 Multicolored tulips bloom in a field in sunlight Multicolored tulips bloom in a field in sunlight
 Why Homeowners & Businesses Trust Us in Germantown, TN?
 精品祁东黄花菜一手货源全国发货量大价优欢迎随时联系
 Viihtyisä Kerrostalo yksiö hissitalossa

...

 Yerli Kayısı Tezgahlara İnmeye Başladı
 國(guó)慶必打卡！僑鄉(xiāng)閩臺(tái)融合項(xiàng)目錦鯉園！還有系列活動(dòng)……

** Task to carry out **
Taking the line with "Yerli Kayısı Tezgahlara İnmeye Başladı" as the first and the line with "國(guó)慶必打卡！僑鄉(xiāng)" as the last, retype that stretch of the data above exactly, with no other lines.

** Response area **
 Yerli Kayısı Tezgahlara İnmeye Başladı
 國(guó)慶必打卡！僑鄉(xiāng)閩臺(tái)融合項(xiàng)目錦鯉園！還有系列活動(dòng)……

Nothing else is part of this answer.